Greens leader Richard Di Natale has added his voice to growing calls across the international community for one of the world's biggest oil companies to rethink its involvement in a gas-mining operation in occupied West Papua, as Indonesia continues to face accusations of grave human rights abuses.
Earlier this year, UK Journalist of the Year, Michael Gillard snuck into West Papua posing as a doctor to investigate British Petroleum's operations in Bintuni Bay, where it's trying to exploit a $10 billion gas field called Tangguh.
Journalists are banned from the Indonesian-occupied territory. Even the United Nations can't gain access. Gillard's exclusive report on the situation in West Papua was released yesterday. Gillard found:
- BP security guards are spying on the local community and passing intelligence on 'disruptive individuals' to the military;
- Well-armed Indonesian security forces are now secretly stationed inside the oil company's base;
- Retired senior Indonesian police and military officers are running an 'elite cadre' of BP guards armed with stun guns and rubber bullets who are given 'behaviour profiling' training in how to spot agitators. The self-styled ethical oil company is using counter-terrorism to justify these measures; and
- Violence in the region has increased markedly, with activists rounded up by Indonesian military.
Critics fear that the counter-terrorism is a cover for increasing state surveillance on the growing student and social movements seeking political freedoms and ultimately self-determination for West Papua.
The head of the Papuan organisation that provided human rights training to BP security told New Matilda that a network of undercover military intelligence agents is also targeting peaceful social movements in Bintuni Bay, who are being swept up in mass arrests.
Richard Di Natale, who leads the Greens party in Australia has a long history of advocating on the rights of West Papuans, who have faced a brutal occupation by Indonesia since the 1960s.
"West Papuans are some of our closest neighbours, yet there is a veil of silence in Australia about the appalling human rights abuses that occur there, and the fact that they have been denied their right to self-determination," Mr Di Natale said.
"BP should bear in mind that it is collaborating with security forces who are implicated in serious atrocities. These forces are willing to beat and even kill people simply for peacefully flying the Morning Star flag.
"Let's hope that as more people find out what's happening in Bintuni Bay, BP will face pressure from the international community and its own shareholders to drastically shift course and consider the rights of the indigenous locals."
The militarisation of BP's Tangguh operation comes as a recent Amnesty International report on West Papua documented 95 extrajudicial killings by soldiers and police in the last eight years, and thousands of unlawful political arrests.

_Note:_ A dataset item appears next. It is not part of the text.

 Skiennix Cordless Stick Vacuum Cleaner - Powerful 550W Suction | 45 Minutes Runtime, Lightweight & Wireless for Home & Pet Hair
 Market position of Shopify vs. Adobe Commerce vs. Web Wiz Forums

Control of West Papua was established by a brutal invasion where an estimated 30,000 Papuans were killed between 1965 and 1969 by US-backed Indonesian security forces.
The soldiers were fresh from murdering over 500,000 suspected communist sympathisers in their own country, as described in British documentary maker Joshua Oppenheimer's much lauded film, The Act of Killing.
Indonesian military intelligence then rigged a controversial vote among selected Papuans in 1969, which to its discredit the United Nations went along with.
Di Natale is the latest leader to call for the international community and the United Nations must to face up to its responsibility to confront multinational companies and Jakarta over their conduct in West Papua.
British peer, Lord Harries of Pentregarth, the former bishop of Oxford, told New Matilda it was "high time the world woke up to the slow motion genocide" taking place and questioned the involvement of one of Britain's biggest companies.
"BP are siphoning off West Papuan resources to Indonesia blind to the brutal repression going on around them," he said. "Ever since Indonesia invaded West Papua in 1961 Papuans have been bitterly repressed, with hundreds of thousands being killed. The Indonesian Government are desperate to hide what is happening from the rest of the world."
Benny Wenda, the recently elected leader of the United Movement for the Liberation of West Papua (UMLWP), who was granted political asylum in the United Kingdom 16 years ago, accused BP of "supporting an illegal occupation [and] operating in the middle of a genocide".
British Labour party leader, Jeremy Corbyn, has long supported Wenda and West Papuan independence and endorsed a petition that the UMLWP leader presented to the United Nations last year.
Alex Sobel, a Labour MP and chairman of the British parliament's all-party group on West Papua, called on BP to pull out of the country until it becomes self-governing.
"BP are operating amid clear human rights abuses. They should learn the lesson of Shell in [Nigeria] and withdraw from West Papua until such time the West Papuans are in control of their land."